Succession plans are specific instructions for who will take over a business if you retire, leave the company or become incapacitated. Having one in place allows you to choose who you think will be the most successful candidate to take over your role. It can also outline specific tasks the successor will be responsible for. It may also include details about what will be done with your share of the business.
If you are not near retirement age, this may not seem like a necessary document to draft up. Many small business owners also feel this way, which is why almost 60% of small businesses don’t have a succession plan in place.
Why a succession plan is so important
Even for business owners who are sure they will be with the company they run for years to come, succession plans are crucial for long-term success spanning multiple owners. The plan would also be used in case of any unfortunate turn of events that may take you away from the business you currently run.

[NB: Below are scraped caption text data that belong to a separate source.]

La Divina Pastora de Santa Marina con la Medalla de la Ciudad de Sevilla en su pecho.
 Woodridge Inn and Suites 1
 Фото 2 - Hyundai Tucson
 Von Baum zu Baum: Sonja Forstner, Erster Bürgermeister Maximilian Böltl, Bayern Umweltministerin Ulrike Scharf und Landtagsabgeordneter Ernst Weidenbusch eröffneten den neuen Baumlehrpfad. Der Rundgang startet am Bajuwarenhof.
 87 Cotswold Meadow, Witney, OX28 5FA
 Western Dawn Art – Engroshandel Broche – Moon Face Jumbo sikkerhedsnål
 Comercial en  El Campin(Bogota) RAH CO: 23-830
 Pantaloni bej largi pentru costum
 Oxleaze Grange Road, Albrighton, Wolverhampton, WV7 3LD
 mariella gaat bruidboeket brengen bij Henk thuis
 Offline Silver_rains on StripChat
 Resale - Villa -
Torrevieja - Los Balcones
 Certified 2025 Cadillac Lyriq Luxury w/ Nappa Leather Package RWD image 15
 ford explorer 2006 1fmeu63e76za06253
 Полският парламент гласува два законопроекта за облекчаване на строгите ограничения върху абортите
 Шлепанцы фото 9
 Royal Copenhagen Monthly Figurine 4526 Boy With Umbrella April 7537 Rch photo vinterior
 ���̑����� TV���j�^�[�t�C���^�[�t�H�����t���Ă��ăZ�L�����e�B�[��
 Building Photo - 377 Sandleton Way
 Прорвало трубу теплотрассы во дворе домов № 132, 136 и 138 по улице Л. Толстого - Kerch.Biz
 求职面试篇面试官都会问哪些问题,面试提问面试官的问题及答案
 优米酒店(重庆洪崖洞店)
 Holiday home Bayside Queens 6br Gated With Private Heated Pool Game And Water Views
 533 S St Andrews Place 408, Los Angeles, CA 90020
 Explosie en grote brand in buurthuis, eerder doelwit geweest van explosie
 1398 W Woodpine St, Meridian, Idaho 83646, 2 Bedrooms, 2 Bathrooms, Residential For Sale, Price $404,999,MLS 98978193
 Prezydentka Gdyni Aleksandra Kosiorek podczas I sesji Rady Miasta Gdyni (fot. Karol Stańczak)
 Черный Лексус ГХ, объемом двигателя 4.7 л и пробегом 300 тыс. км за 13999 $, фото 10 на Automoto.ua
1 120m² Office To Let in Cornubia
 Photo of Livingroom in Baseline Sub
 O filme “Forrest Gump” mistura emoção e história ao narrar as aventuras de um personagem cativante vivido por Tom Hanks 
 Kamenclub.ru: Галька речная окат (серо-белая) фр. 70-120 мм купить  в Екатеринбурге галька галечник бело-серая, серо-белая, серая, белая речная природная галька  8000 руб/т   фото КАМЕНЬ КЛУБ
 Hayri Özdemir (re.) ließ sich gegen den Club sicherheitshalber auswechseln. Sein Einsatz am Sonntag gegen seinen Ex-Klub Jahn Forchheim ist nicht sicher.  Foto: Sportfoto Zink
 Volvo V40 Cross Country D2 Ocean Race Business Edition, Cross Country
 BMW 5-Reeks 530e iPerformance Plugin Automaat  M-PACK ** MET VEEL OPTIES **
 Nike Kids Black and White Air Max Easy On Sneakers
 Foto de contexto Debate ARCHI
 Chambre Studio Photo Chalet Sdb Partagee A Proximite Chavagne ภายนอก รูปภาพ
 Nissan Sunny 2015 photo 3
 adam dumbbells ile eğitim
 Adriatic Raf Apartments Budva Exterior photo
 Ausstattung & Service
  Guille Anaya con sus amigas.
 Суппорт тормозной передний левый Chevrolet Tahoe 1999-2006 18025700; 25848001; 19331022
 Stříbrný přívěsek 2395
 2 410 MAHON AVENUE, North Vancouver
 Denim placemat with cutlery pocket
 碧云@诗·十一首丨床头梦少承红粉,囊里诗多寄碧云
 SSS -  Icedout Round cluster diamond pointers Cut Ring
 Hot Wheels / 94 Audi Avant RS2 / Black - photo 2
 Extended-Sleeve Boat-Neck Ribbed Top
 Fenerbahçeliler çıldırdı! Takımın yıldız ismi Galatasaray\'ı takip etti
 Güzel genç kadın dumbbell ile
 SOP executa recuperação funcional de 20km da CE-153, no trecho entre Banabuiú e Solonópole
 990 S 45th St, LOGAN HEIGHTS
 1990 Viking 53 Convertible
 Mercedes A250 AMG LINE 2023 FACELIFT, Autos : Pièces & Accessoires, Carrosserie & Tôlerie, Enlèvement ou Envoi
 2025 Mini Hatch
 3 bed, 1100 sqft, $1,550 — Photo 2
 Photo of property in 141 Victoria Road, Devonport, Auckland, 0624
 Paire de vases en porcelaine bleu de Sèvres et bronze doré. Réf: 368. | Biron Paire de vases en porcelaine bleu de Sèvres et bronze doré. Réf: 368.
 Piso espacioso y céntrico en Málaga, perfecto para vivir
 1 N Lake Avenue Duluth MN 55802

This makes them useful for many reasons, but crucial for two specifically:
- Choosing a strong successor:Not everyone has the same ability to lead—identifying who you believe has strong leadership qualities, good decision-making capabilities and keen business skills could go a long way to ensure the company thrives even if you are no longer there.
- Creating a buy-sell agreement: Putting into writing what will happen to your share of the business should you leave the company. It is easier to come to an agreement with all parties involved when you have no plans of leaving and there is no sense of urgency involved.
In the case of a family business, it could create rifts not only in the business, but also between family members. If more than on person believes they are right for the job it could lead to a prolonged struggle with emotional consequences.
It is therefore very important to think carefully about whether a succession plan might be useful to your company before going without one. In some cases, such as when there are multiple partners involved, it may not be as critical, but for sole proprietorships and small businesses it can often be beneficial in case the unexpected happens.